We were hoping to sst up an outdoor enclosure for our European green toads next year. We had a cole frame type enclosure in mind at the start but assume a small green house would be better.

Does anyone have one and how did you go about setting it up? I'd love to see build threads and pictures if you have them.


----------



## acromyrmexbob (Oct 3, 2010)

:blush: I have a greenhouse.
http://www.reptileforums.co.uk/forums/habitat/911200-tropical-river-pond-major-project.html


----------



## Middleton Mouse (May 16, 2013)

acromyrmexbob said:


> :blush: I have a greenhouse.
> http://www.reptileforums.co.uk/forums/habitat/911200-tropical-river-pond-major-project.html


Jeezo I'm not sure if I can manage something as grand as that, loved looking at the thread though. :2thumb:


----------



## exoticsandtropics (Mar 11, 2007)

we used to have a greenhouse that was a mix of species kept in there. had green toads, alpine newts, marbled newts, fire bellied toads and european green treefrogs. everything bred most years apart from the green toads that never did. 
just basically created a small pond/ marsh area with plenty of cover etc. just make sure they can't dig out lol.


----------



## ukgeckos (Apr 11, 2007)

We have one with a hibernacula installed and a pond that is no deeper than 4 inches. Vegetation includes Passion flower, grape vine, various grasses and heather.
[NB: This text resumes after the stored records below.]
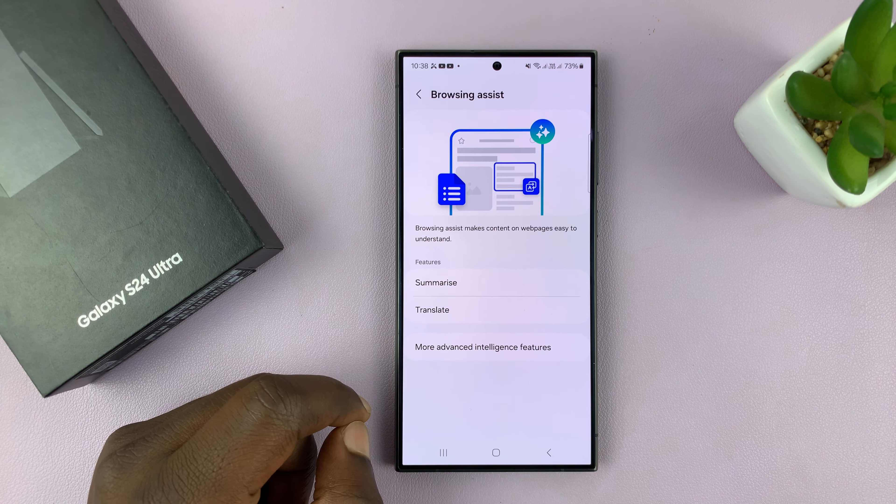Once those two options are enabled, you can now go to the Samsung Internet browser. This is a web page from our website with an article. As you scroll down, you're going to see an AI icon. So let's tap on it.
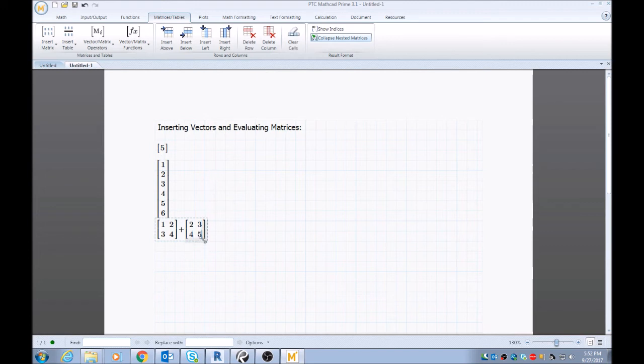Again, make sure your blue cursor is outside of the matrix bracket. So I hit the arrow key twice. As you see, it's now outside the bracket.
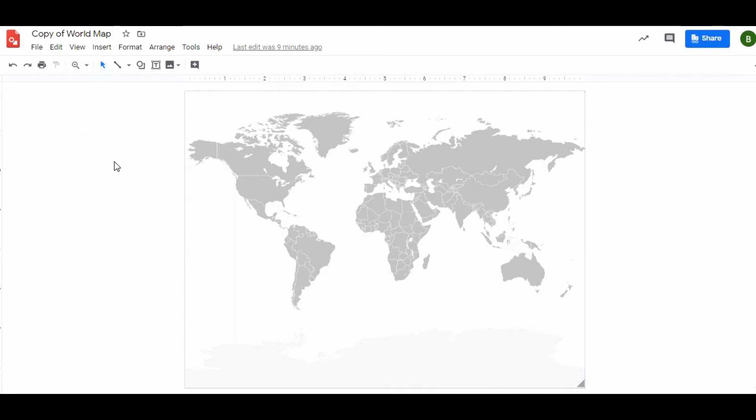In this tutorial I'm going to show you how students can use Google Drawing to demonstrate an understanding of any topic. In this case I have an assignment where I want the students to label the different oceans.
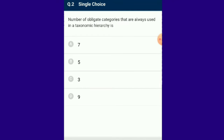The number of obligate categories that are always used in a taxonomic hierarchy is seven. Taxonomic hierarchy is the system of arrangement of taxonomic categories in descending order. It was introduced by Linnaeus in 1751, who initially proposed five categories: class, order, genus, species and variety. Variety was removed and four new categories were introduced. The seven obligate categories in descending order are kingdom, phylum or division, class, order, family, genus and species. So the answer is option A.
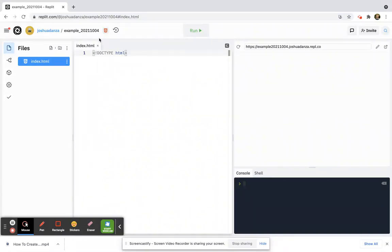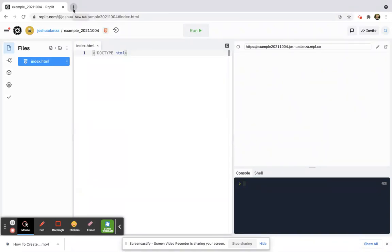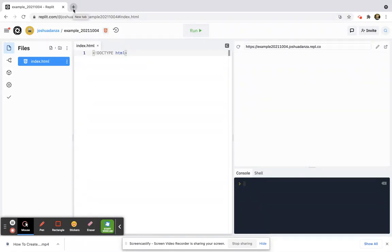So if you go to the previous example of when I first brought up a website and pulled up the source code, at the very top it said 'doctype HTML'. This declaration actually defines that this document is an HTML5 document. You don't need to know much about that, all you need to know is that when you first write your HTML, you want to write this at the very top, and we'll explore this a little bit later on.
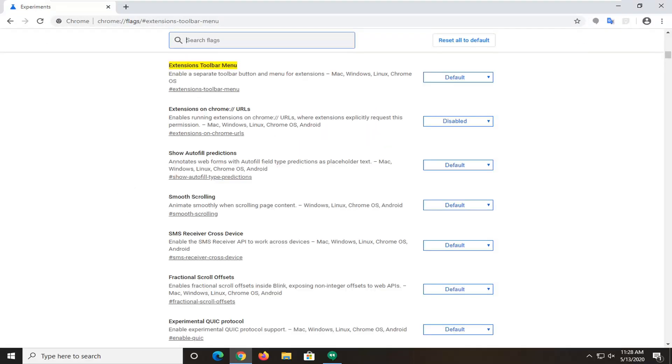It should directly take us to the extensions toolbar menu option: 'Enable a separate toolbar button and menu for extensions.' This would apply for Mac, Windows, Linux, and Chrome OS.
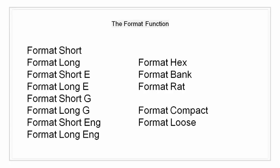Format rat is approximation by ratio of small integers. Numbers with large numerator or large denominator are replaced by a star. Format compact suppresses extra line feeds. Format loose puts the extra line feeds back in.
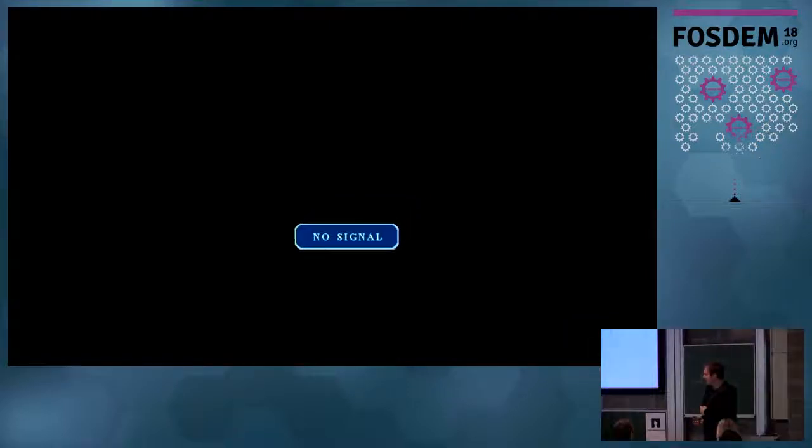That was it for our open source design dev room this year. If you want some stickers, there may be some down at the booth as we ran out here. A special thanks to Victoria who organized the room this year. See you next year or at a different open source conference near you. Thank you!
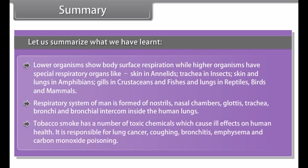The respiratory system of man is formed of nostrils, nasal chamber, glottis, trachea, bronchi, and bronchioles inside the human lungs. Tobacco smoke has a number of toxic chemicals which cause ill effects on human health — it is responsible for lung cancer, coughing, bronchitis, emphysema, and carbon monoxide poisoning.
We build a mesh door for hot days and will be changing several panes of glass to Perspex next year.
In it we have green toads, yellow bellied toads, midwife toads and pool frogs. We will also be introducing some type of lizard species once enough research has been done.
In spring our American green tree frogs and gray tree frogs will also be introduced.

It is 10/8 ft and also has a concrete base. The hibernacula is 2.5-3 ft.

It's amazing in summer and full of live and sounds. This time of year all is quiet


----------